In “Confessions of a Naughty Mommy,” Heidi Raykeil writes about the search for her missing libido after the birth of her daughter. Read an excerpt.
/ Source: TODAY

After seven racy and passionate years of courtship and marriage, who knew marriage and kids would completely destroy a woman's sex drive? In “Confessions of a Naughty Mommy: How I Found My Lost Libido,” Heidi Raykeil, author of online column “Sex in the Suburbs,” talks about her experiences in life, love and sex after having a baby. Here's an excerpt.

Sex in the SuburbsHere’s the thing. You’re young, or not so young. You’re in love. You’re naughty. You have sex madly — wherever, whenever, however you can. You read poems about being each other’s missing piece, about completing each other. You fit. It’s two against the world; you’re a pair, a set, partners in crime, two in the hand, the double whammy, soul mates. Two sides of the same coin, two sides of the story, 2 hot 2 handle. Just the two of us. You are clean, efficient, parallel lines; your passion is direct, unfiltered, raw.

And then, literally overnight, two becomes three. “Husband and wife” becomes “mother and father.” “Lover” becomes “other” — other roles, other priorities, other loves. Your love life becomes awkward, unbalanced, tipping and toppling: a terribly uneven, unseemly triangle. Bye-bye, parallel lines. Bye-bye, partner in crime. Naughtiness as you know it is over. So long, leisurely mornings in bed; so long, carefree nights carousing; so long, spontaneous summertime sex. Hello, sex in the suburbs.
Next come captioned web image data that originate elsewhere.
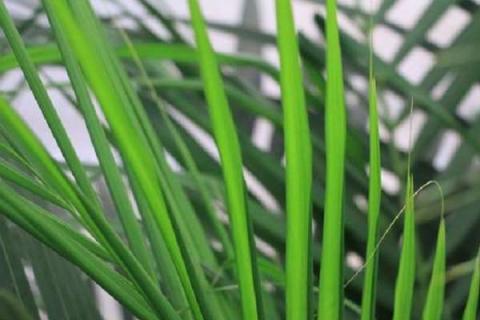 散尾葵和凤尾竹的区别 两者有什么不同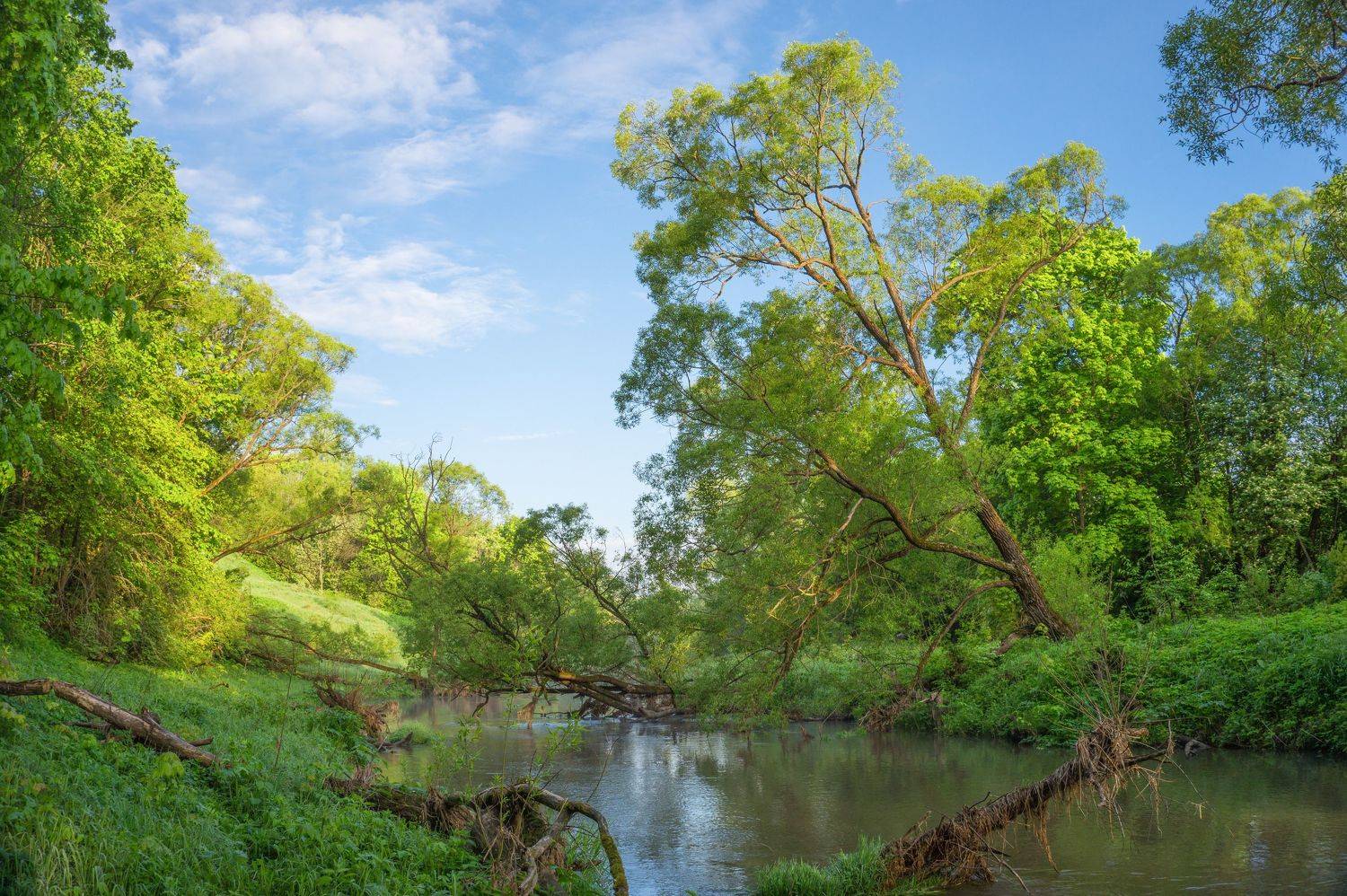 , Светлана Кондрашова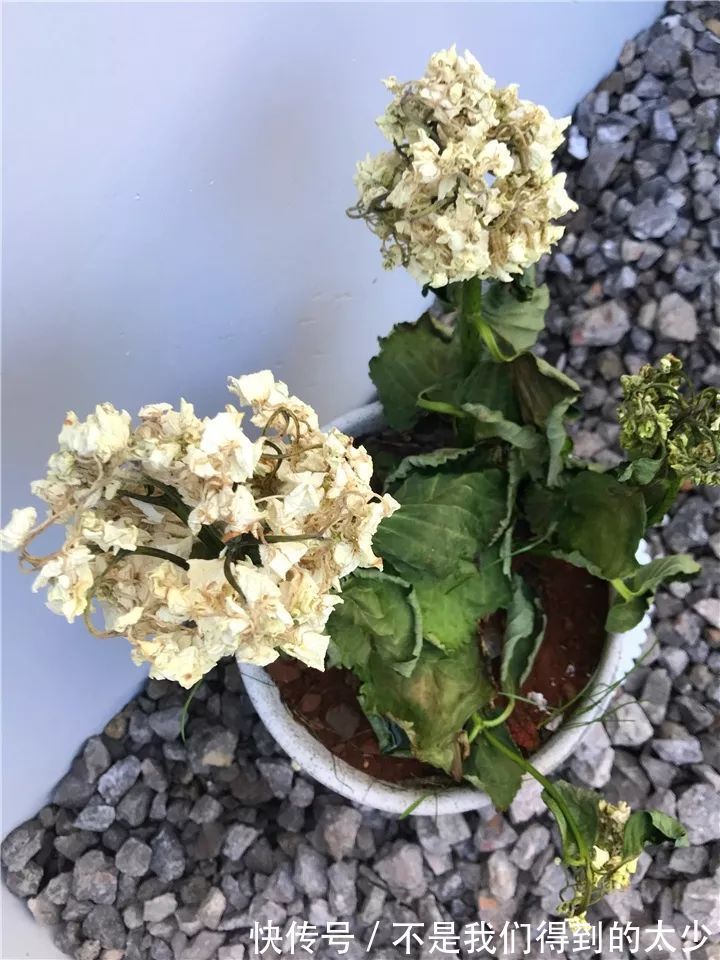 养花技巧最难养的花，买多少死多少，想想就生气！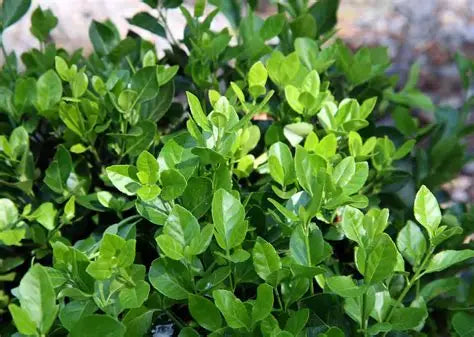 Euonymus Manhattan
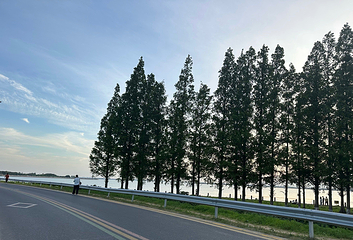 淀山湖风景区第 52 张图片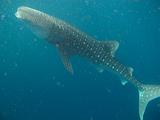 Djibouti - Whale Shark in the Gulf of Aden - 11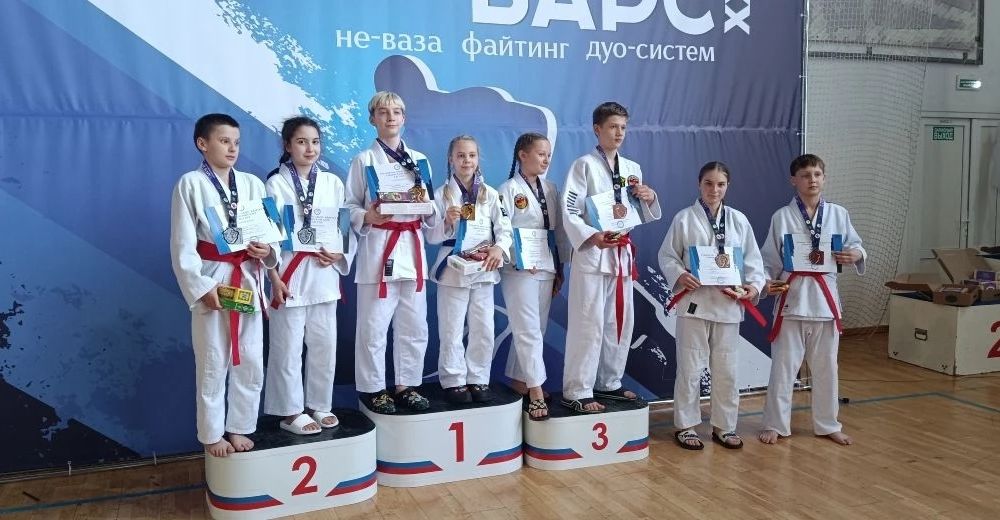 Успехи в джиу-джитсу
About five years ago, a hot summer hike turned into hot sweaty sex for my husband, JB, and me: hiked-up shirts and hiked-down shorts and us roughing it in all the right ways. Just off the trail, in the cool shade of a tanoak tree, we risked contracting poison oak in all the wrong places. Hearing other hikers headed our way only added to our heat, and with the snap of a branch, boom! Our daughter was conceived.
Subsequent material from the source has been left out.